# What needs to be done:
Copy the opening lines of the listing exactly, through and including the line with "Artisanal Bakery Display: A"; do not copy any pictures.

# Extracted entries:
──────────────────────────────

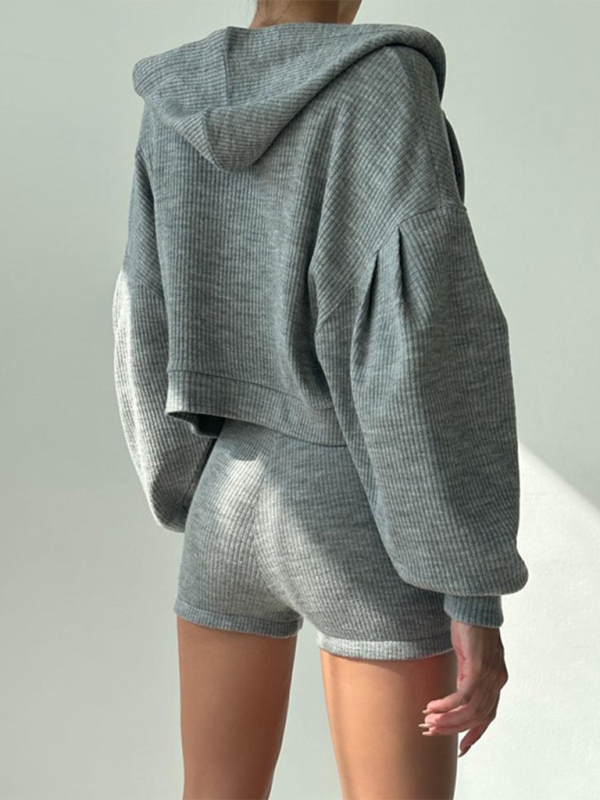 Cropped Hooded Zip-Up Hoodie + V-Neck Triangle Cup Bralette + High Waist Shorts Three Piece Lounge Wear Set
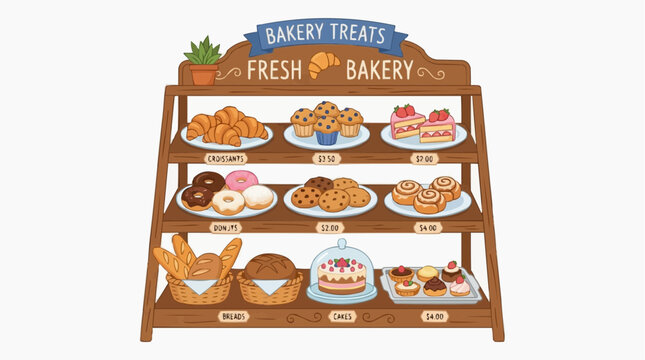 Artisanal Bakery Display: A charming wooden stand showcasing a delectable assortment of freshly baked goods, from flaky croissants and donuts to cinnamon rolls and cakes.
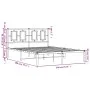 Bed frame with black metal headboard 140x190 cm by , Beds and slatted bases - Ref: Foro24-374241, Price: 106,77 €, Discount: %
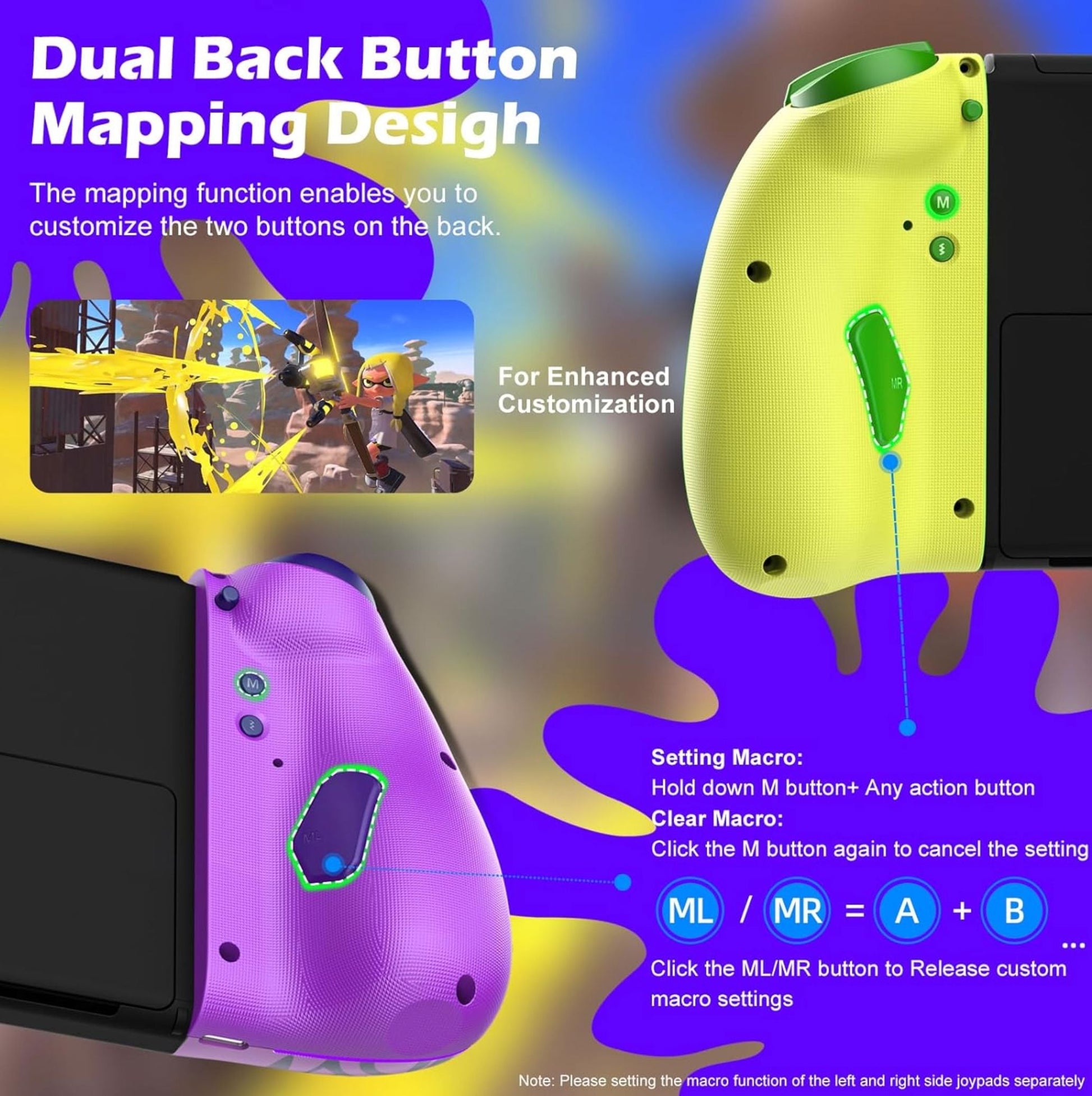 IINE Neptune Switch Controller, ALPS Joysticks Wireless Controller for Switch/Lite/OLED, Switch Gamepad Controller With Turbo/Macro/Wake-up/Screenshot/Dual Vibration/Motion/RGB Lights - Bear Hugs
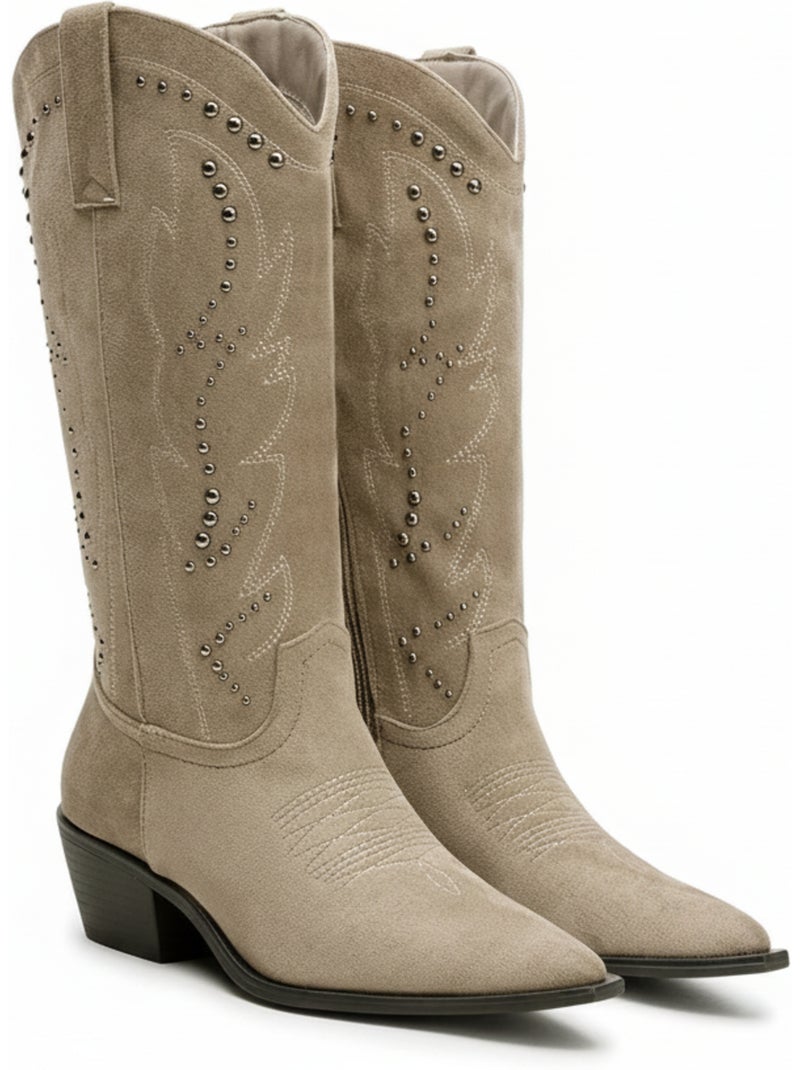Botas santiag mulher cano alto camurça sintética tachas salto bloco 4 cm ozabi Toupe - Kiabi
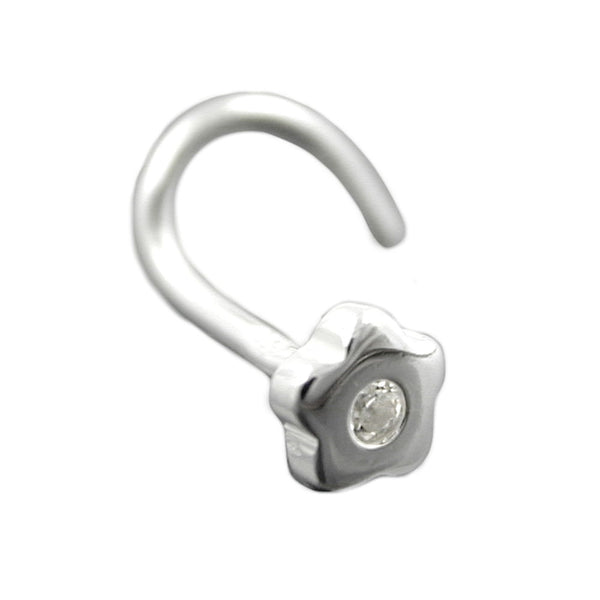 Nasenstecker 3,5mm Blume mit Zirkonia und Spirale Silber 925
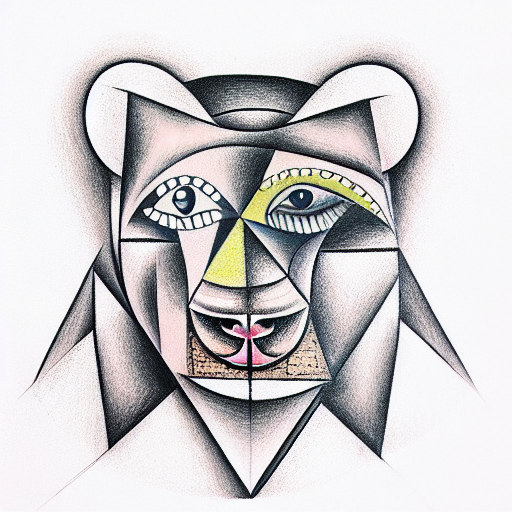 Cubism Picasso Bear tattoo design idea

──────────────────────────────

# Your solution:
 Cropped Hooded Zip-Up Hoodie + V-Neck Triangle Cup Bralette + High Waist Shorts Three Piece Lounge Wear Set
 Artisanal Bakery Display: A charming wooden stand showcasing a delectable assortment of freshly baked goods, from flaky croissants and donuts to cinnamon rolls and cakes.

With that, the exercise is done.